[Items listed in a dataset]
┌──

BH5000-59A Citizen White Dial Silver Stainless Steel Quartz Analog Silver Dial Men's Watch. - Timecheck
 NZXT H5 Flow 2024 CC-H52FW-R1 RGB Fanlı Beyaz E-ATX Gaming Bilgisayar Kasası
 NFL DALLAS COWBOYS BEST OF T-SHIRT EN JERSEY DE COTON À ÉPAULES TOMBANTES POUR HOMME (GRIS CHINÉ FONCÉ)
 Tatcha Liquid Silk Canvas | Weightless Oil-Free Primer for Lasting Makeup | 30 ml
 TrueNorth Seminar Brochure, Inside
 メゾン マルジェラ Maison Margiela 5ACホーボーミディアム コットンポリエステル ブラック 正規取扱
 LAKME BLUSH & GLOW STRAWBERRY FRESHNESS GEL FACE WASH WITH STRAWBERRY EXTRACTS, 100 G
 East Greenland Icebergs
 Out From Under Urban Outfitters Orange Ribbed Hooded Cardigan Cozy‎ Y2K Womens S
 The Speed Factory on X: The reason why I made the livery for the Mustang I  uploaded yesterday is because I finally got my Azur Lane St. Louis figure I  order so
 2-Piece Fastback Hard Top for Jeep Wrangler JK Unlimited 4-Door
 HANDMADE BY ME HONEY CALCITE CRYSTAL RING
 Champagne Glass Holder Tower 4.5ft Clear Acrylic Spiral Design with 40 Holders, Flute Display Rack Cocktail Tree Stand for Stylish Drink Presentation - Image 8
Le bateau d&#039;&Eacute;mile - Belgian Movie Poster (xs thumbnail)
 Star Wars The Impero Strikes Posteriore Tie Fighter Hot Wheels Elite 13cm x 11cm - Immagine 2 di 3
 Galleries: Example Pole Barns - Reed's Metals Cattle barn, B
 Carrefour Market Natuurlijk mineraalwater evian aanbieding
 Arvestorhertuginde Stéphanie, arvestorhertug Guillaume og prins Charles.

└──

The lines from the start of the entries above through the line containing "メゾン マルジェラ Maison" are the ones to return, please; copy them exactly and include both ends.

BH5000-59A Citizen White Dial Silver Stainless Steel Quartz Analog Silver Dial Men's Watch. - Timecheck
 NZXT H5 Flow 2024 CC-H52FW-R1 RGB Fanlı Beyaz E-ATX Gaming Bilgisayar Kasası
 NFL DALLAS COWBOYS BEST OF T-SHIRT EN JERSEY DE COTON À ÉPAULES TOMBANTES POUR HOMME (GRIS CHINÉ FONCÉ)
 Tatcha Liquid Silk Canvas | Weightless Oil-Free Primer for Lasting Makeup | 30 ml
 TrueNorth Seminar Brochure, Inside
 メゾン マルジェラ Maison Margiela 5ACホーボーミディアム コットンポリエステル ブラック 正規取扱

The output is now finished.